For the trucking community, it’s been business as usual, working with containers at the port, even though no new containers are being unloaded from ships. According to Schmidt, there are now fewer than 500 import containers in the yard. Normally, Ports America Chesapeake’s container yard for truck pickups would hold between 3,000 and 5,000 import containers. Truck turnaround times, which measure the time it takes to enter the port, pick up a container and leave, are normal at 60 minutes, according to Schmidt.

Schmidt said there is a four-week window at terminals to stay on top of incoming containers to help make staffing decisions.

“We are monitoring empty ships as they return and will divert them to the port of New York and New Jersey,” Schmidt said. “Exports are not arriving at our terminal.”

Ten ships are stuck in Baltimore Harbor, including a ro-ro ship loaded with cars, farm equipment and trucks stuck in the port. As of now, Schmidt says there is no discussion about unloading this RORO vessel and rerouting the vehicles to another port.

The Port of Baltimore is the nation’s largest for the import and export of automobiles, agricultural equipment and light trucks. The port handled about $36 billion of the country’s international vehicle trade in 2023, according to data from Dun & Bradstreet. Dun & Bradstreet estimates the weekly vehicle-related economic impact at $700 million, and the overall weekly direct economic impact from the Baltimore port closure at approximately $1.7 billion, based on the average weekly value of goods handled by the port in 2023. The indirect impact due to the disruption of the cross-border flow of goods through the Port of Baltimore is estimated at $6.6 billion per month.

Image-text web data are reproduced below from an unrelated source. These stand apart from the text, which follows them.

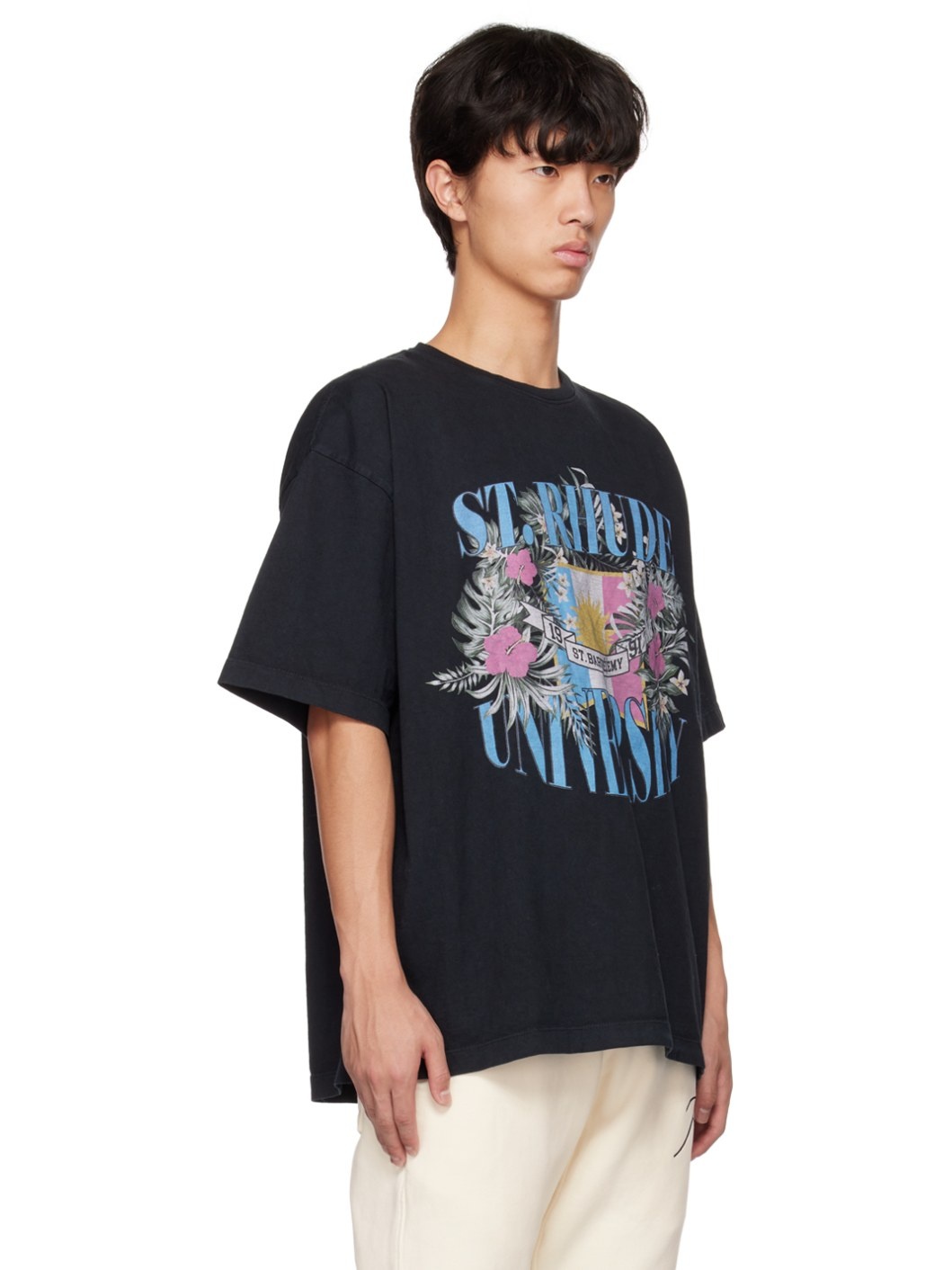 Black Printed T-Shirt - 2
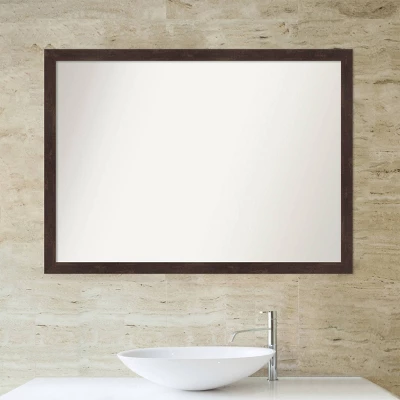 41" x 30" Non-Beveled Fresco Wood Bathroom Wall Mirror Dark Walnut Brown - Amanti Art 41" X 30" Non-Beveled Fresco Wood Bathroom Wall Mirror Dark Walnut Brown - Amanti Art -Bathroom Products Store GUEST 07e479f8 955e 44c8 a60c 0a18b4faf32d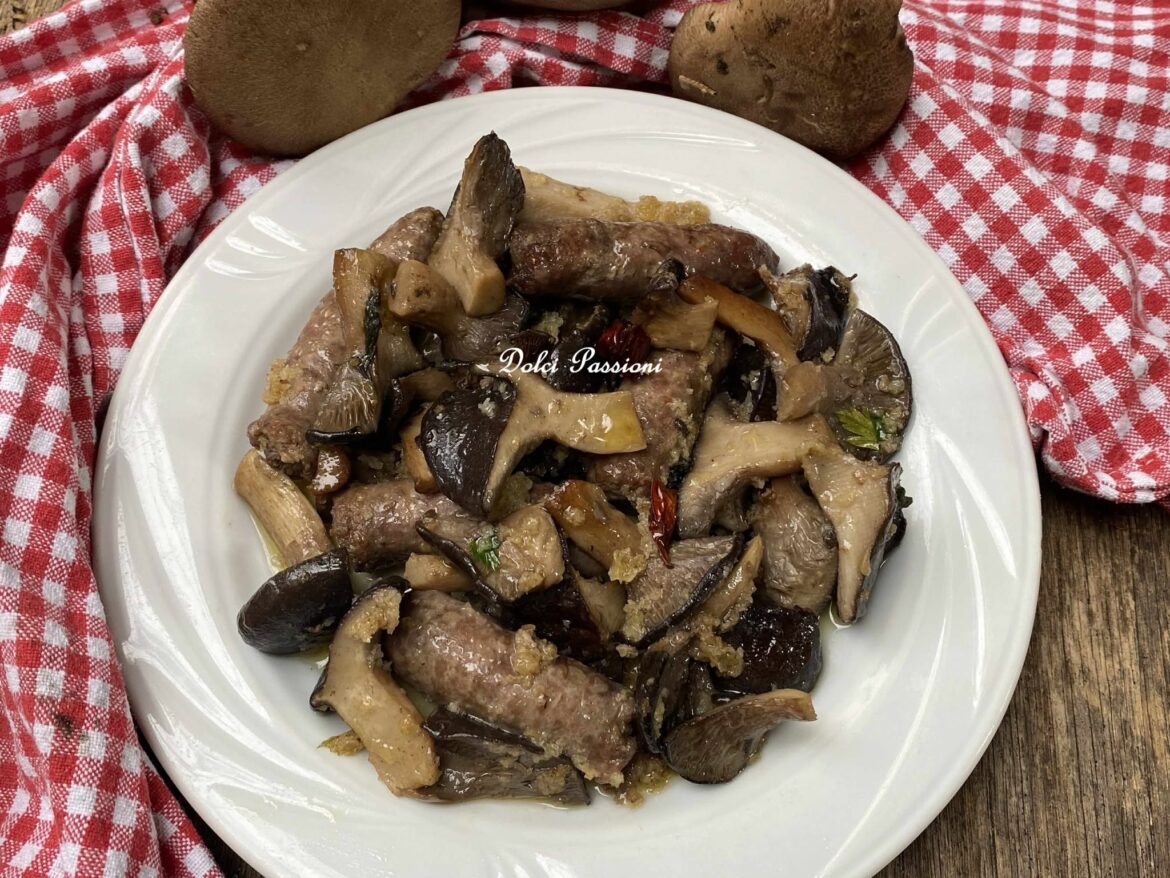 Funghi "Cardoncelli" con Salsiccia: sapori autentici della cucina Pugliese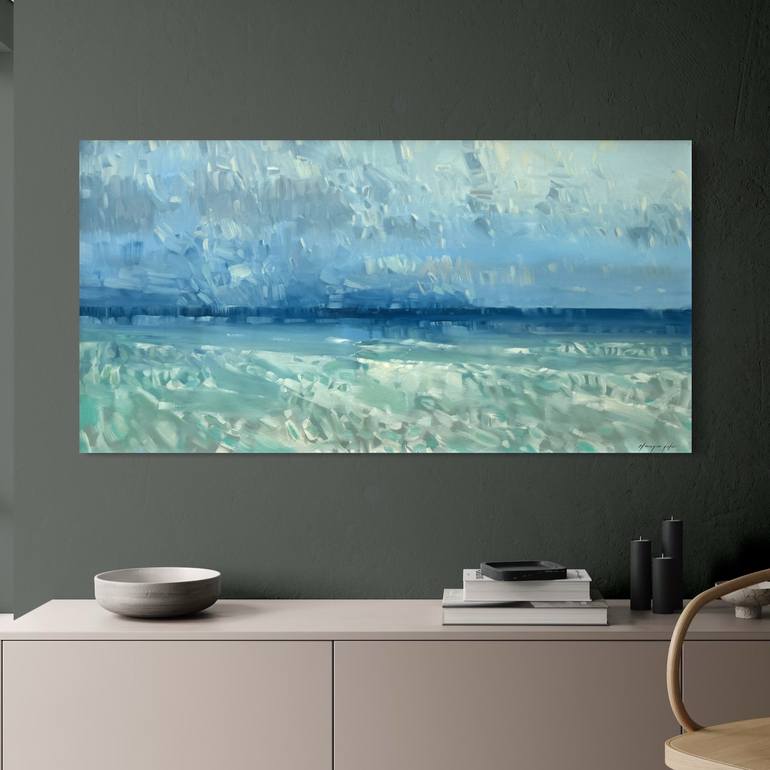 Original Impressionism Seascape Painting by Vahe Yeremyan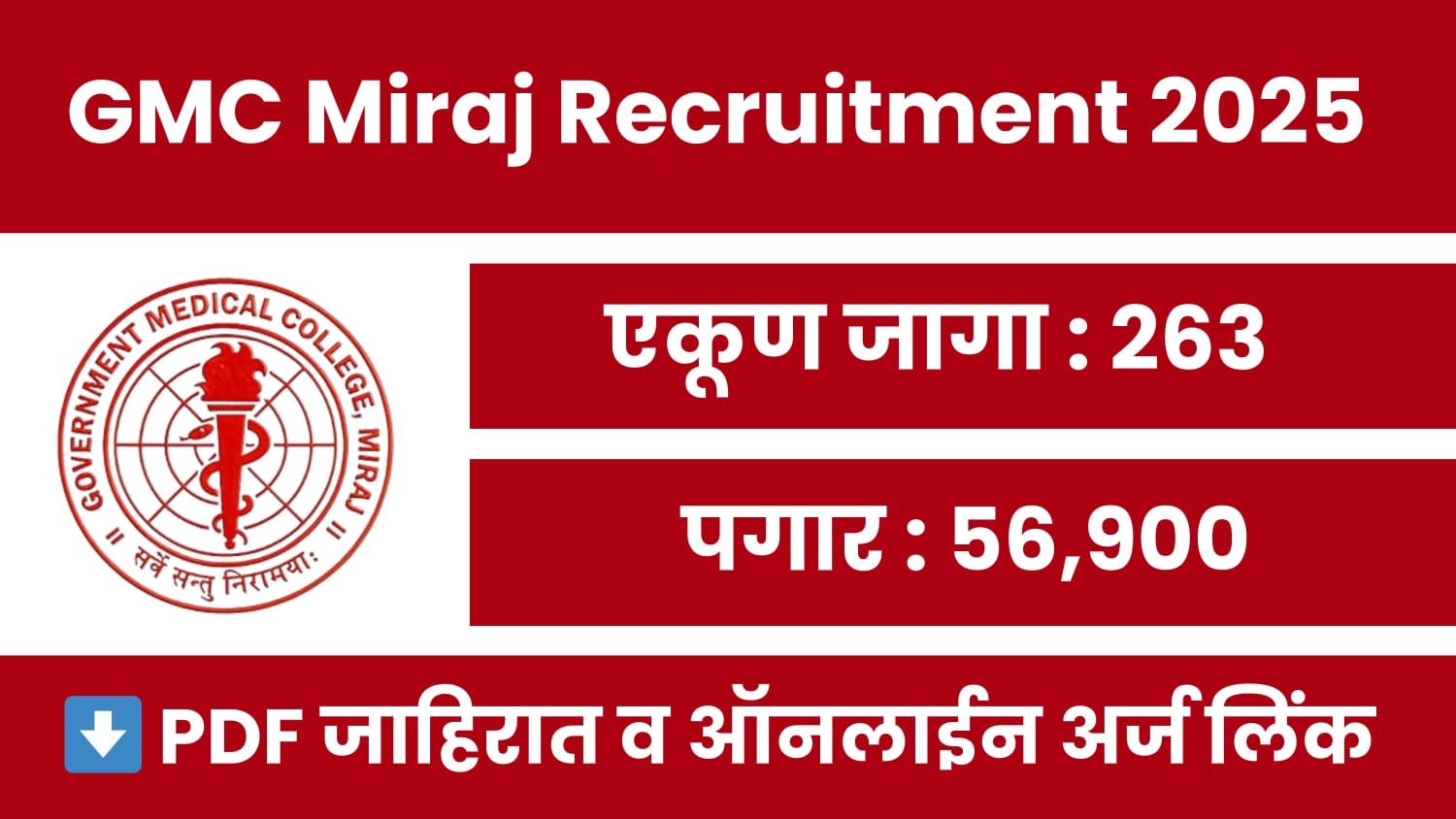 GMC Miraj Recruitment 2025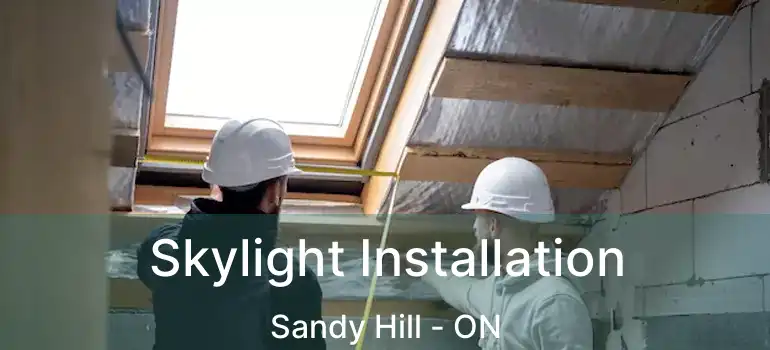  Skylight Installation Sandy Hill - ON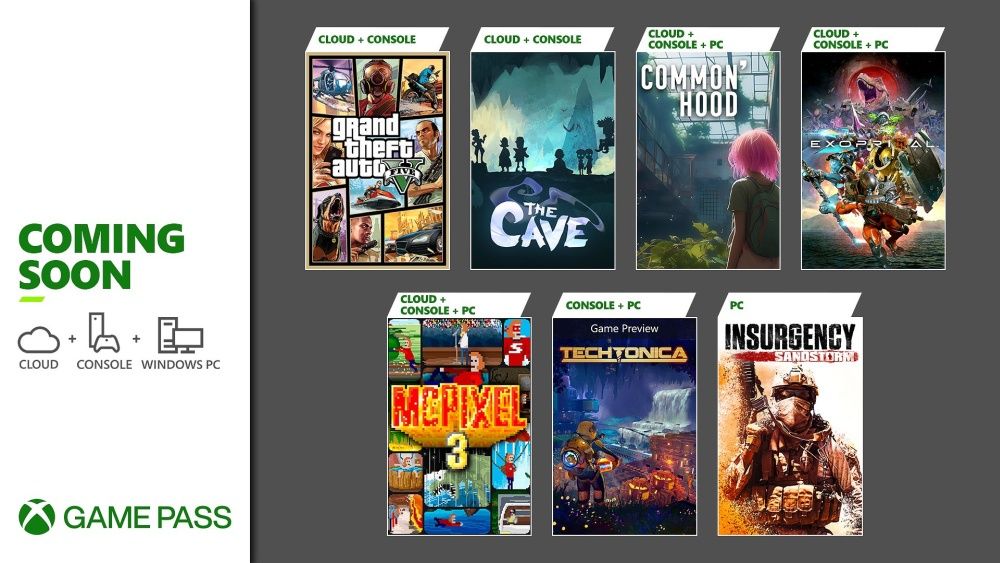 Xbox Game Pass lipiec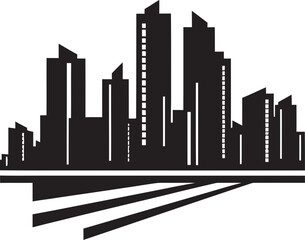 Obraz premium Prime Properties: Iconic Estate Emblem Metro Matrix: Real Estate Logo Vector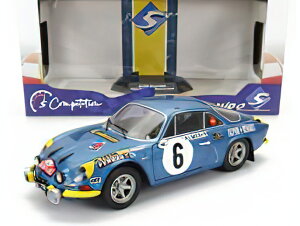 RENAULT - ALPINE A110 1600S (night version) N 6 RALLY MONTECARLO 1972 J.CANDRUET - P.PAGANI - BLUE MET /SOLIDO 1/18 ~jJ[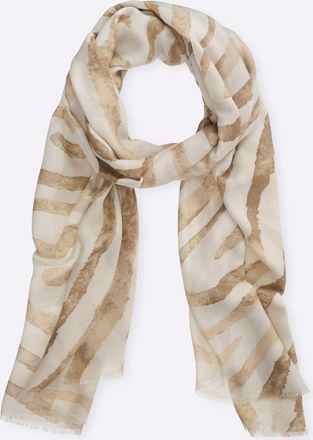 Heine Modeschal HEINE, Damen, sand, Baumwollmischung, gemustert, Modet&uuml;cher Modeschal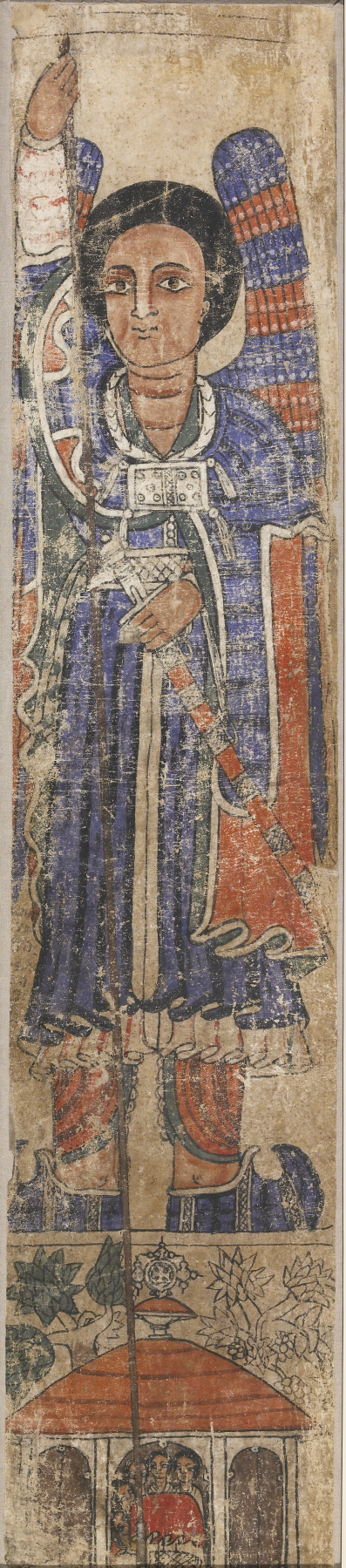 Ethiopian - Archangel Raphael and the Miracle of the Sea Monster - Walters 36132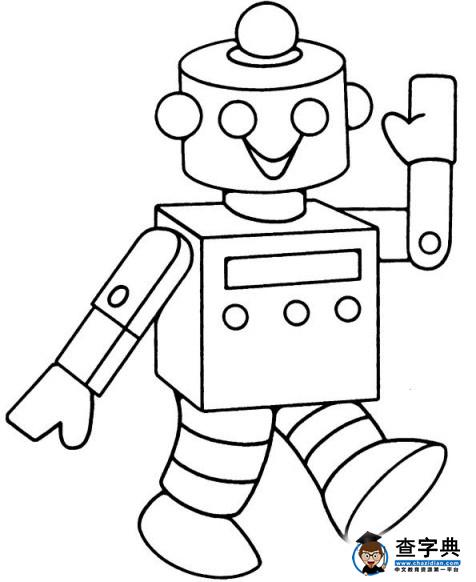 儿童简笔画机器人1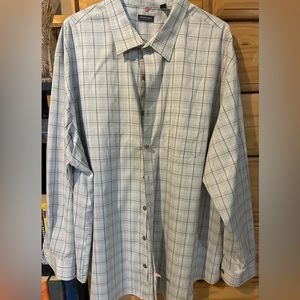 Van Heusen Long Sleeve Button Down Shirt sz 20-20 1/2 3XL
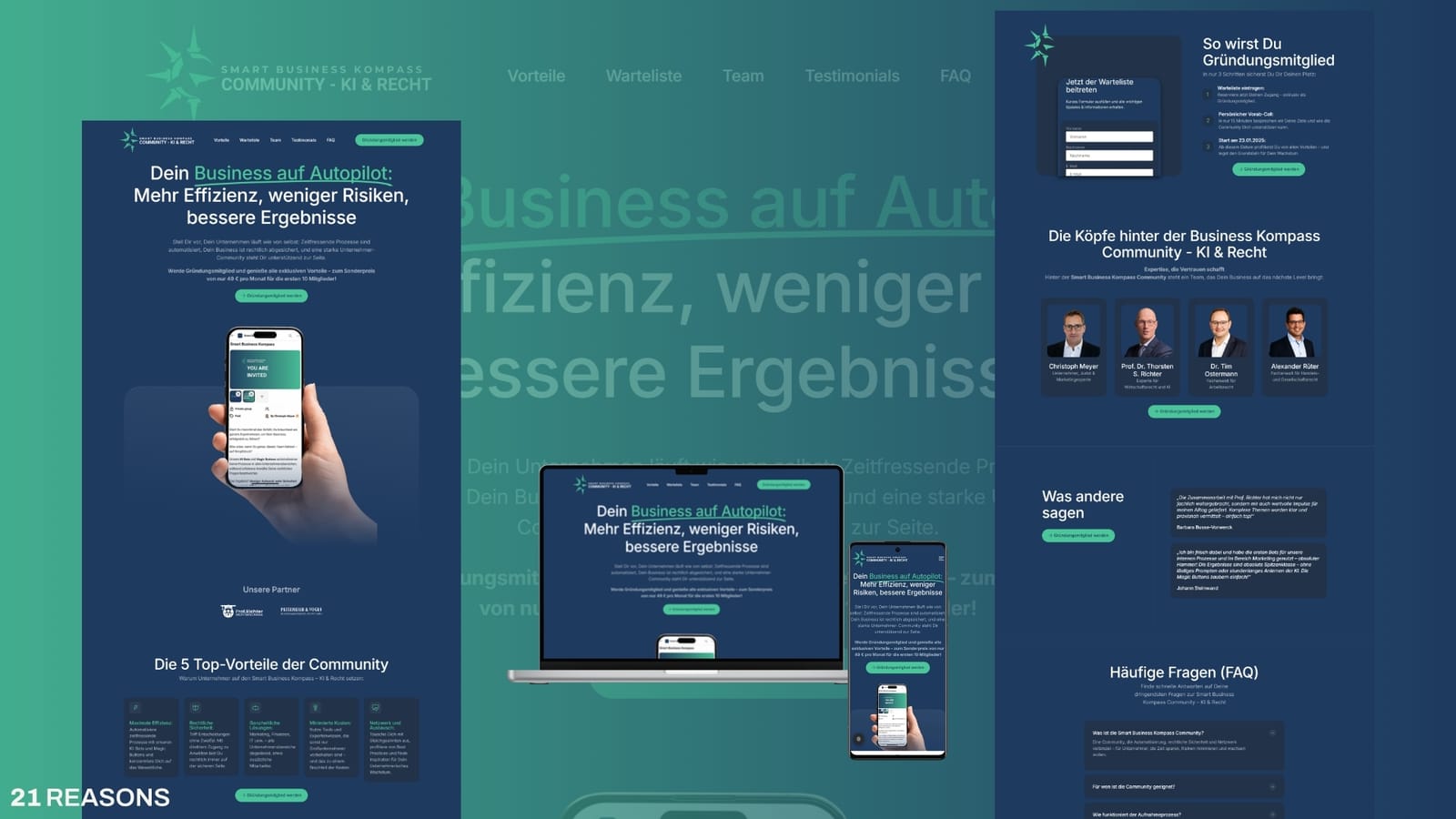 Verkaufsstarke Website für Smart Business Kompass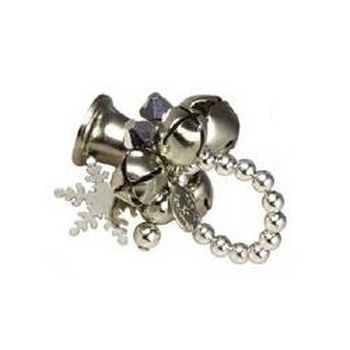 Tarina Tarantino - Santa Claus - Jingle - Jingle Bell, Sleigh Bell and Snowflake Stretch Ring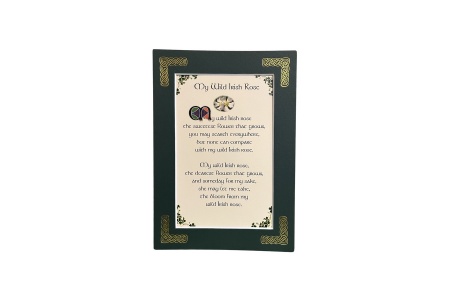 /Irish-Blessings/5x7-Matted/My-Wild-Irish-Rose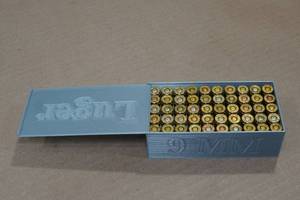 lot 154 image: 50 9mm Luger FMJ Ammo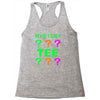 mystery tee shirt random funny cheap t shirt pop culture hipster graph Racerback Tank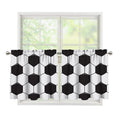 Soccer Ball Print Tier Curtains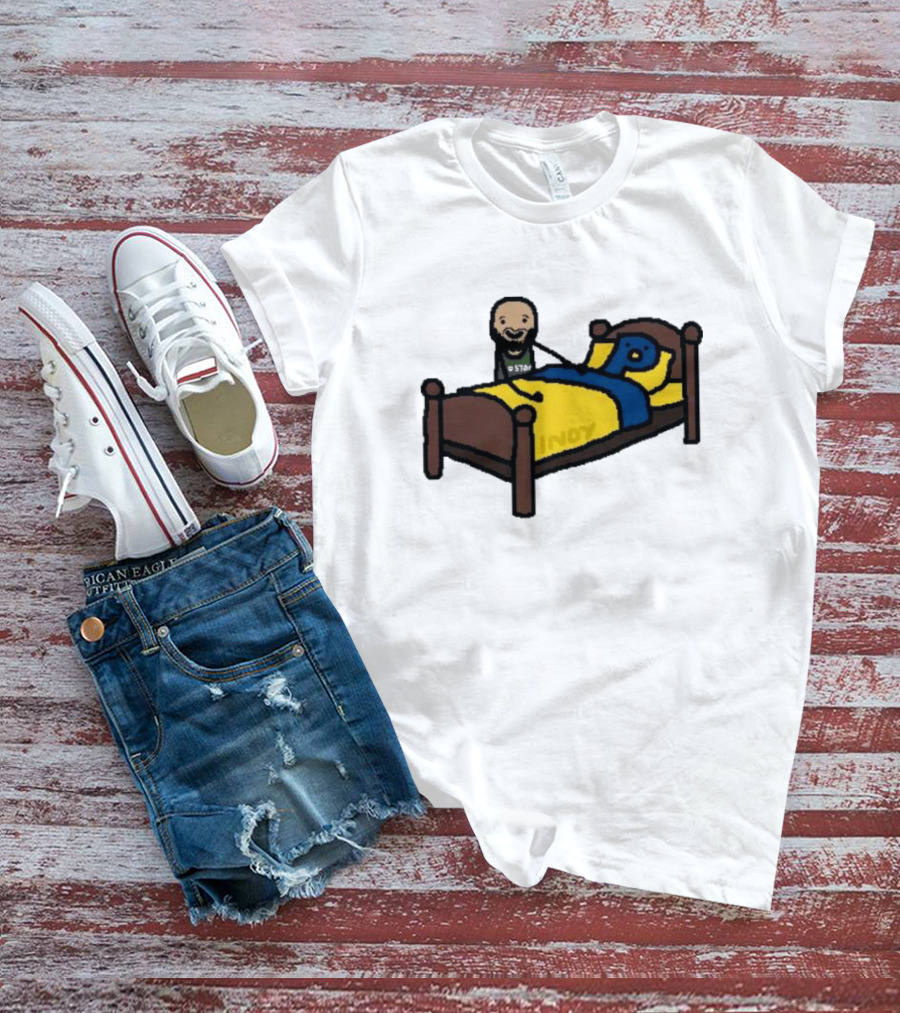 Derrick Night Night NBA Paint Sleepy Bedtime Cartoon T-Shirt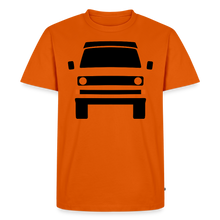 Laden Sie das Bild in den Galerie-Viewer, CLASSIC CAR SHIRT: DREI (black) - Orange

According to the Oxford Economics Supply Chain Stress Index – which the Baltimore Port closure and other recent supply chain disruptions have prompted the company to re-establish – even though supply chain conditions supply chain have improved since the end of the pandemic, risks are “oriented towards renewed tension on the supply chain, as the ongoing conflict in the Middle East, problems linked to drought at the Canal Panama and the recent collapse of the Key Bridge in Baltimore will impact trade, stocks and inflation.